What is being asked>
An exact reproduction of the records is required. Images must be left out.

[[ Information open ]]

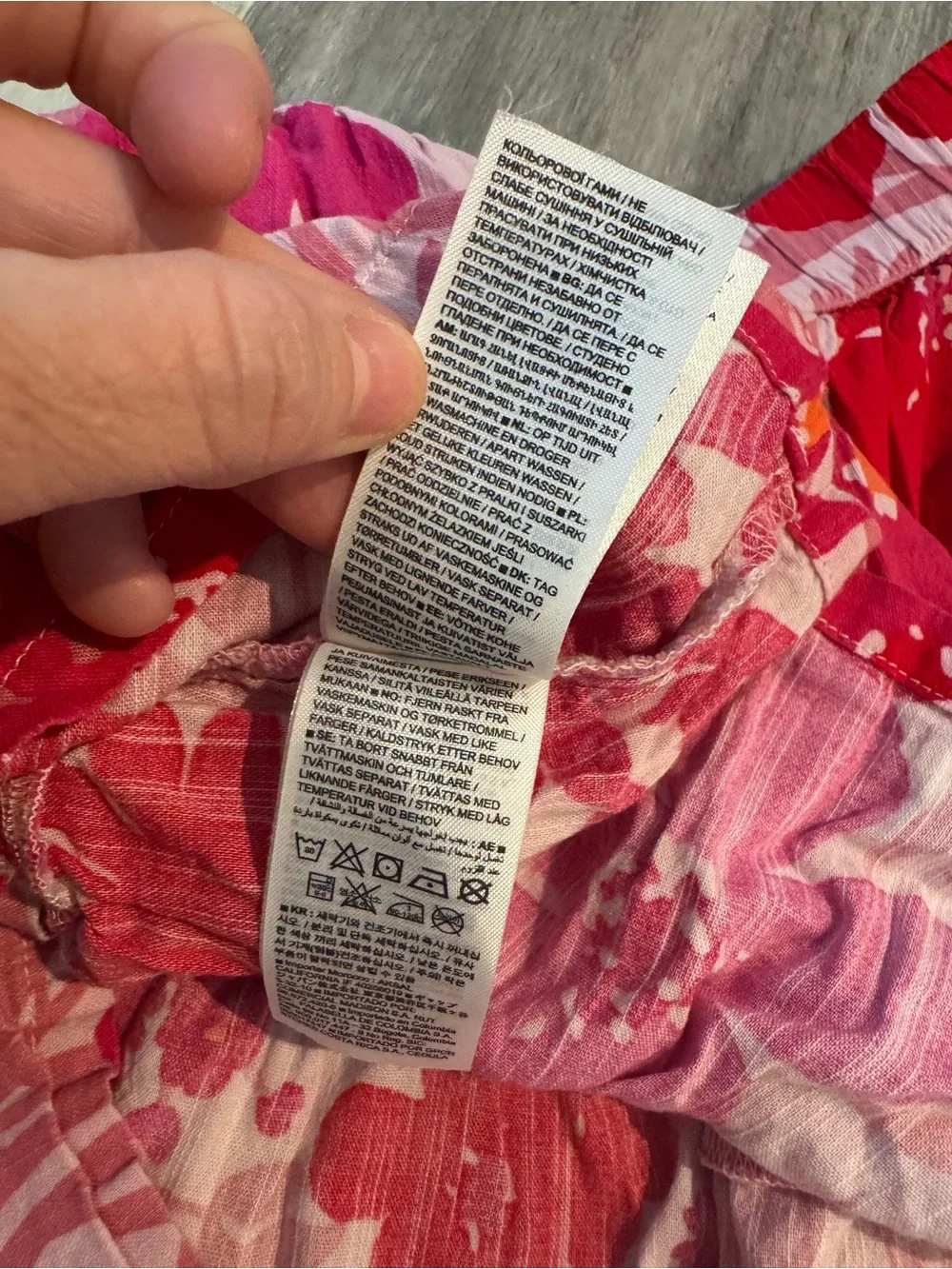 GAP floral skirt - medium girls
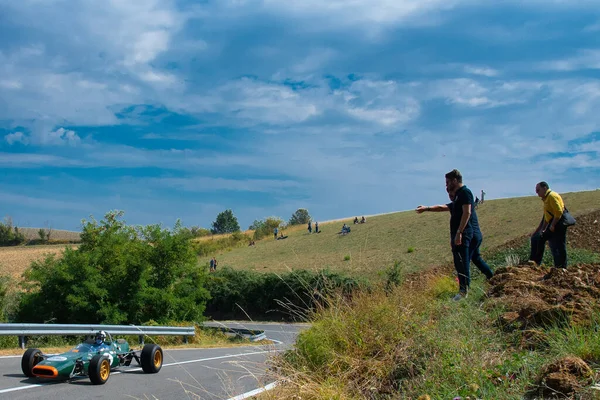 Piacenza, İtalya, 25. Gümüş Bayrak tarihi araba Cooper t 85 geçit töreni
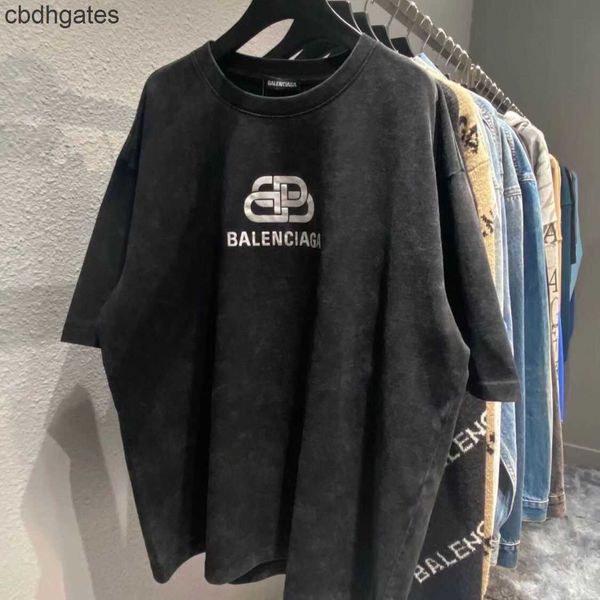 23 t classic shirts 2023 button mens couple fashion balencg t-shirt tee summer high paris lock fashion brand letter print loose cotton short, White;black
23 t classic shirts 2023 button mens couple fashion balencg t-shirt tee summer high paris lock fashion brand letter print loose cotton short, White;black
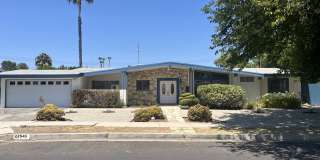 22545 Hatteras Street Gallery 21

[[ Information closed ]]

Expected output>
 GAP floral skirt - medium girls
 Piacenza, İtalya, 25. Gümüş Bayrak tarihi araba Cooper t 85 geçit töreni
 23 t classic shirts 2023 button mens couple fashion balencg t-shirt tee summer high paris lock fashion brand letter print loose cotton short, White;black
23 t classic shirts 2023 button mens couple fashion balencg t-shirt tee summer high paris lock fashion brand letter print loose cotton short, White;black
 22545 Hatteras Street Gallery 21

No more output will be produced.